Search code examples
javascriptpythonhtmlweb-scraping

python javascript scrape automatically


Python novice here.

I am trying to scrape company information from the Dutch Transparency Benchmark website for a number of different companies, but I'm at a loss as to how to make it work. I've tried

pd.read_html(https://www.transparantiebenchmark.nl/en/scores-0#/survey/4/company/793)

and

requests.get("https://www.transparantiebenchmark.nl/en/scores-0#/survey/4/company/793")

and then working from there. However, it seems like the data is dynamically generated/queried, and thus not actually contained in the html source code these methods retrieve.
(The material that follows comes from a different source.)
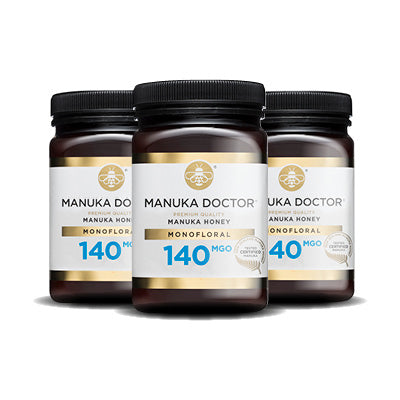 140 MGO Manuka Honey 500g - Trio Pack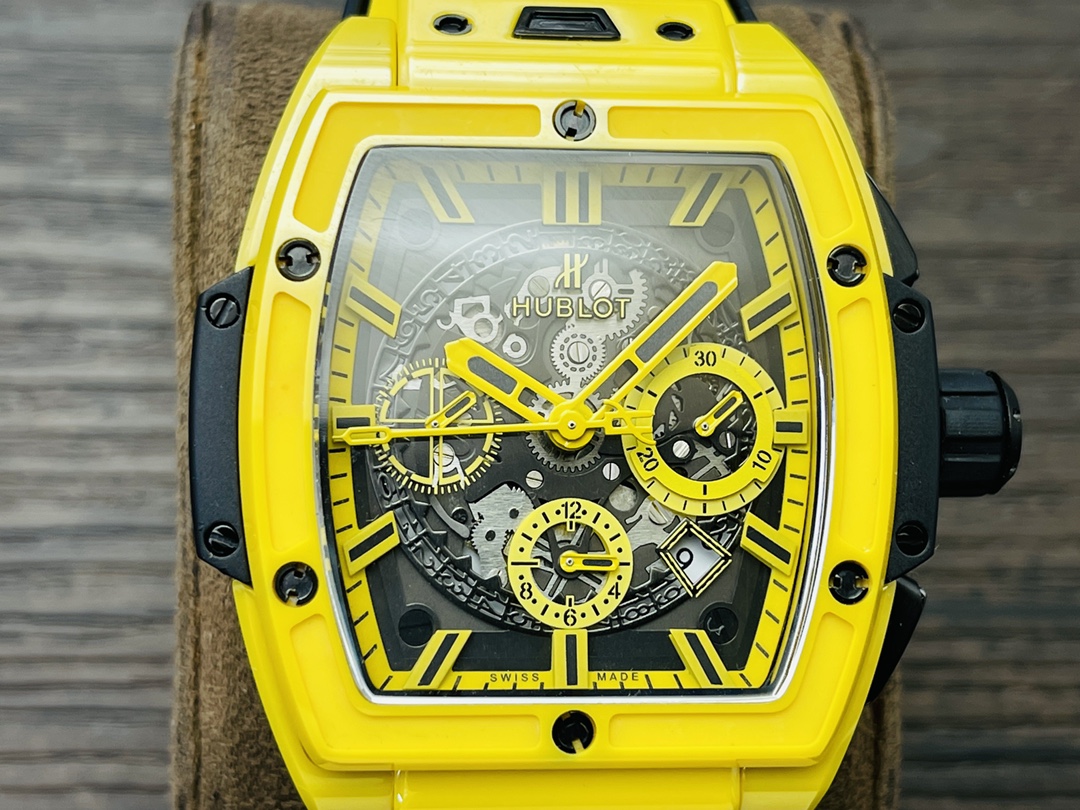 Hublot Spirit of Big Bang Chronograph 2025 | Post-Father's Day Exclusive | Barrel-Shaped Titanium & Skeleton Dial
If I go to my browser's developer tools and copy the "final" html as shown there in the "Elements" tab, the whole information is in there. But as I'd like to repeat the process for several of the companies, is there any way to automate it?

Alternatively, if there's no direct way to obtain the info from the html, there might be a second possibility. The site allows to download the information as an Excel-file for each individual company. Is it possible to somehow automatically "click" the download button and save the file somewhere? Then I might be able to loop over all the companies I need.

Please excuse if this question is poorly worded, and thank you very much in advance

Tusen takk!

Edit: I have also tried it using BeautifulSoup, as @pmkroeker suggested. But I'm not really sore how to make it work so that it first runs all the javascript so the site actually contains the data.


Solution

  • I think you will either want use a library to render the page. This answer seems to apply to python. I will also copy the code from that answer for completeness.


    You can pip install selenium from a command line, and then run something like:

    from selenium import webdriver
    from urllib2 import urlopen
    
    url = 'http://www.google.com'
    file_name = 'C:/Users/Desktop/test.txt'
    
    conn = urlopen(url)
    data = conn.read()
    conn.close()
    
    file = open(file_name,'wt')
    file.write(data)
    file.close()
    
    browser = webdriver.Firefox()
    browser.get('file:///'+file_name)
    html = browser.page_source
    browser.quit()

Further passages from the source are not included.